Среди них были птицы двуглавые, были многокрылые, были также калеки, ковыляющие по воздуху в однокрылом неповоротливом полете. Небо стало подобно старинной фреске, зарисованной чудовищами и фантастическими животными, которые кружили, разлетались и вновь возвращались по разноцветным эллипсам.
Отец, залитый внезапным сиянием, вскочил на полке и вытянул руки, приветствуя птиц старым заклятием. Растроганный, он узнал их. То было отдаленное, забытое потомство тех птиц, которых Аделя некогда разогнала на все стороны неба. Теперь разросшееся и выродившееся это искусственное поколение, это дегенерировавшее, внутренне захиревшее птичье племя возвратилось к нему.
Нелепо пошедшее в рост, несуразно огромное, внутри оно было пусто и мертвенно. Вся жизненная сила этих птиц ушла в оперенье, в его чрезмерную фантастичность. Это было похоже на музей изъятых видов, на свалку птичьего рая.
Некоторые летели, свесившись вниз; у них были тяжелые нелепые клювы, смахивающие на замки и засовы, обремененные к тому же яркими наростами, и были эти птицы слепы.
О, как растрогало отца это нежданное возвращение, как поразился он инстинкту птиц, их привязанности к Учителю, которую изгнанный птичий народ лелеял в душе, подобно легенде, чтобы спустя много поколений, в последний раз перед угасанием племени вернуться наконец в прадавнюю отчизну.

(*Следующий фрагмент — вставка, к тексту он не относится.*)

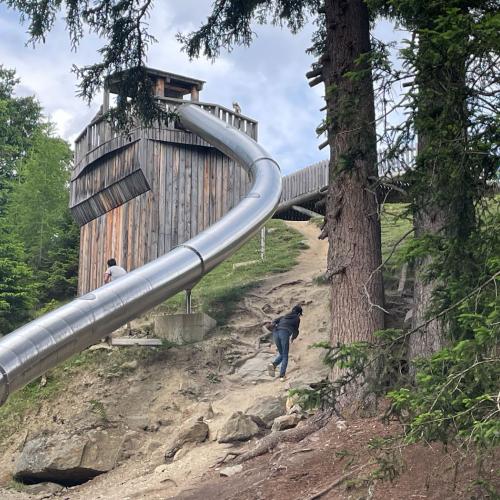 Schüler beim Wandern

Но эти слепые бумажные птицы уже не могли узнать отца. Вотще призывал он их старинным заклятием на забытом птичьем языке — они не слышали и не видели его.
Вдруг в воздухе засвистели камни. То скоморохи, безмозглое и бессмысленное племя, стали швырять их в фантастическое птичье небо.
Напрасно отец предостерегал, напрасно грозил заклинающими жестами, его не услышали, не заметили. И птицы падали. Пораженные камнями, они тяжело обвисали и уже в воздухе начинали увядать. Еще не долетев до земли, они превращались в бесформенные вороха перьев.
Во мгновение ока плоскогорье покрылось поразительной, фантастической падалью. Прежде чем отец добежал до места побоища, все великолепное птичье племя мертвыми полегло на скалах.
Только теперь, вблизи, отец смог увидеть все убожество этого обнищавшего поколения, всю смехотворность его скверной анатомии.
То были огромные кучи перьев, кое-как напиханные всякой тухлятиной. У многих невозможно было различить голову, поскольку эта палкообразная часть их тел не обнаруживала никаких признаков души. Одни из них были покрыты свалявшейся, как у зубров, мохнатой шерстью, и от них несло отвратительным смрадом. Другие же смахивали на горбатых и облысевших дохлых верблюдов. Некоторые были, вероятно, из какой-то бумаги, пустые внутри, но ярко раскрашенные снаружи. А иные оказывались всего лишь большими павлиньими хвостами, красочными веерами, в которые непонятным образом вдохнули некую видимость жизни.
Я видел скорбное возвращение отца. Искусственный день постепенно окрашивался в цвета обычного утра. Самые верхние полки опустошенной лавки пропитывались красками рассветного неба. Среди фрагментов угасшего пейзажа, среди разрушенных кулис ночных декораций отец увидел просыпающихся приказчиков. Они вылезали из-за свертков сукна и зевали в солнечном свете. В кухне теплая ото сна Аделя со всклокоченными волосами молола кофе, прижимая мельницу к белой груди, от которой зерна набирали блеска и жара. На солнце умывался кот.
Санаторий под клепсидрой
Книга
Я называю ее просто Книга, и в этой сдержанности и ограниченности есть нечто от беспомощного вздоха, тихой капитуляции перед необъятностью трансцендента, ибо ни одно слово, ни один намек не способны засверкать, заблагоухать, пролиться дрожью испуга, предчувствием того — не имеющего названия, лишь первое предвкусие которого на кончике языка уже превосходит емкость нашего восхищения. И чем помогут пафос существительных и напыщенность эпитетов перед лицом этой безмерности, этого великолепия без предела. Впрочем, читатель, истинный читатель, на которого и рассчитана наша повесть, все и так поймет, стоит мне заглянуть ему глубоко в глаза и на самом их дне сверкнуть ее блеском. В коротком и энергичном взгляде, в мимолетном пожатии руки он уловит, ухватит, опознает и — зажмурит глаза в восхищении глубинным этим восприятием. Ибо под столом, который разделяет нас, разве все мы не держимся тайком за руки?